Tag: Non-fiction

Guest Blog: Small Pleasures: Why I’m Not Going Crazy Editing Boring Stuff by Joshua Grant

Joshua Grant is a technical editor who primarily works on nonfiction. You can find his blog at www.radicalrevisions.wordpress.com

His email is jc.grant22@gmail.com. Check out his blog for great tips and tricks and stories about his own writing and editing journey!

At a recent family get-together, I tried to explain to my sister what I do:

“I edit. Mostly technical and sciencey stuff. Reports and things. Sometimes presentations.”

“Wow, that sounds boring,” she says. And it is—sort of. It’s not fun like editing fiction, much less writing fiction. But it’s also not devoid of its own pleasures.

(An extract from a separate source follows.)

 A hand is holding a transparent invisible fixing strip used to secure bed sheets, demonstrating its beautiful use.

You might get the sense from Ms. Harvey’s posts that editing is all about jetting around the world and editing out people’s extra dragons (okay, maybe not just that, but something like it). But it’s not all excitement (and fiction). A lot of us work with stuff that isn’t fiction, or even creative non-fiction. For certain reasons, my young editing career has detoured down this road, to technical documents, academic papers, financial proposals, whatever. I hope you’re not bored already.

Sure, fiction is fun, full of (hopefully) engaging characters and (ideally) compelling situations rendered in (possibly) interesting prose—all things that “boring writing” lacks. It could drive one a little crazy, but there’s a trick. I have to appreciate the beauty in clean, clear, simple prose. Prose that de-complicates complicated processes or communicates its ideas as quickly as possible. Prose that works.

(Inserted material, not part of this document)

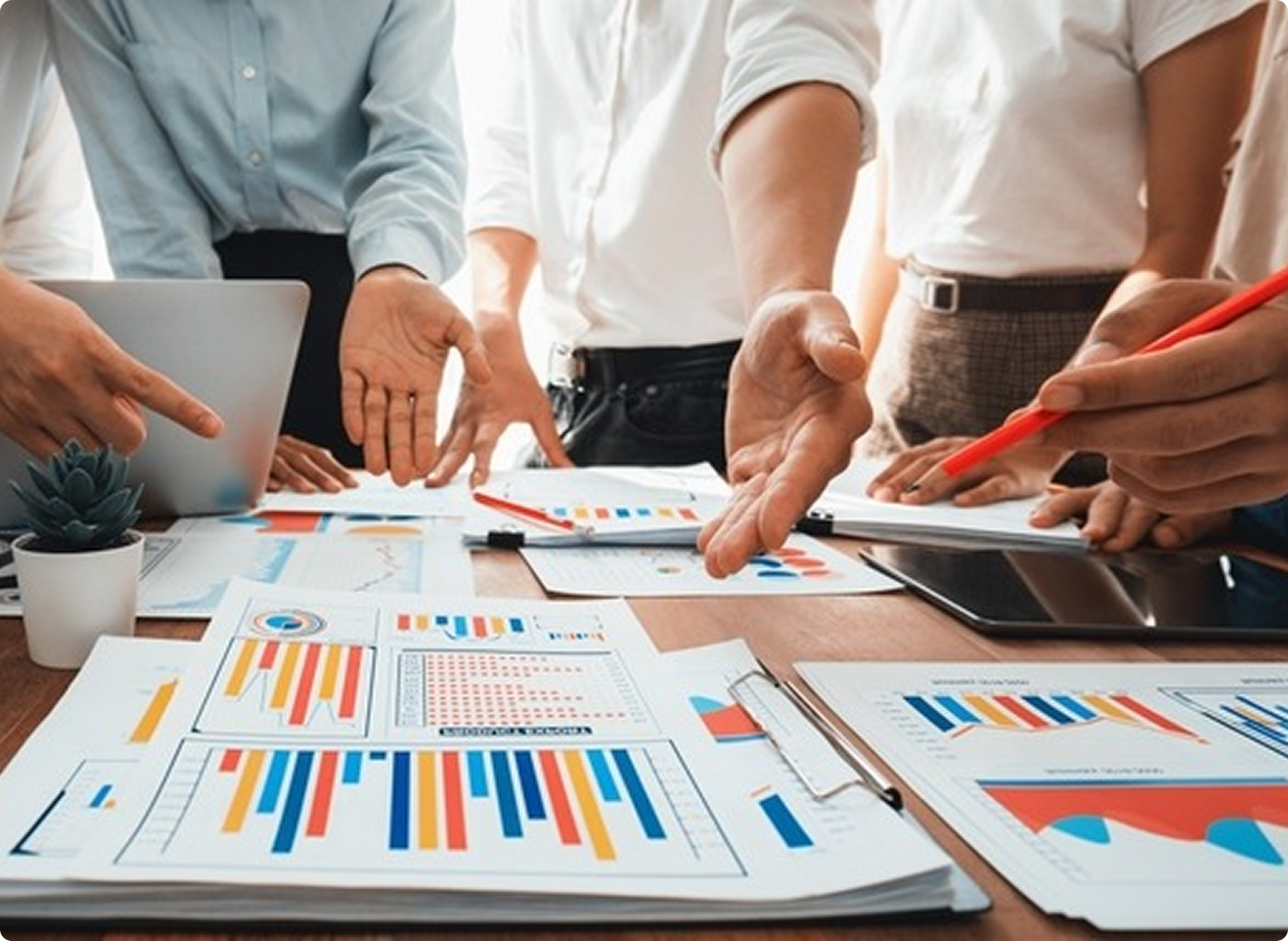 Corporate team working around printed data reports and charts on desk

Editing fiction/poetry/creative non-fic has been a dream of mine, but because the paying market for these things is thin (pro-writers are connected to specialized editors, and many newer authors balk at the notion of… well… paying), I’ve found an okay place to rest and work for now, a place to expand from.

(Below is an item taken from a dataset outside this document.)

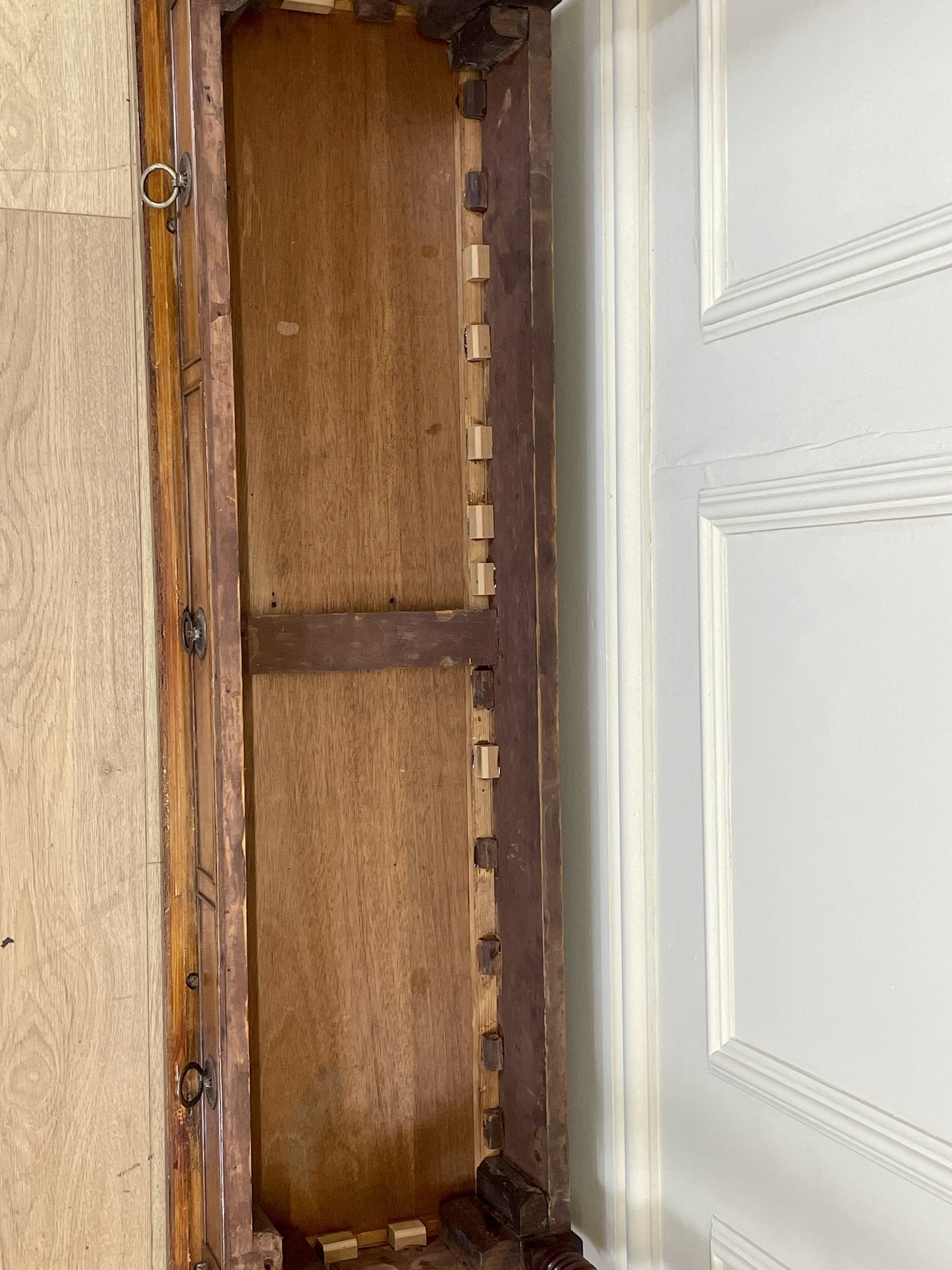 Wooden door with metal frame in a room with light-colored walls.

It helps that I’m maybe pathologically obsessed with language and style. I’ve managed to find the same pleasure in editing out a comma splice in a piece of technical writing as I would in a story. Clean, strongly parallel prose feels good in any genre.

It helps that I’m curious about how the world works, and come to every fresh project with the mindset, okay, today I’m going to learn about mine engineering. Or financial consultancy. Or first aid training. Or whatever. I come to most projects with a fresh mind, and get to learn as I go, while correcting style and grammar. It’s kind of like being in a gelato shop where I get to test all the flavours, and then proofread their menu. A dream. I also get to learn about how certain professions teach their workers to write—I’ve edited engineering reports where 9 sentences out of 10 are in the passive voice. Yulp! What does that say about how engineers look at the world? Maybe nothing. What’s that say about how they write? Perhaps there is some truth in stereotypes. I feel needed.

It also helps that, with boring writing, the writer and editor tend to share a very specific and concrete goal: to produce a document that communicates certain information to a certain audience in the easiest possible way. This is, believe me, a much, much simpler and less frustrating goal than “expressing oneself” or “advancing the plot to the final battle scene.” If I query a particularly opaque term, saying “Is this common industry terminology? Revise to ___ if not,” I know I’m not putting the kind of hooks into the author that I might be if it were a creative work. No tears will be shed over my brusque queries. Not this time.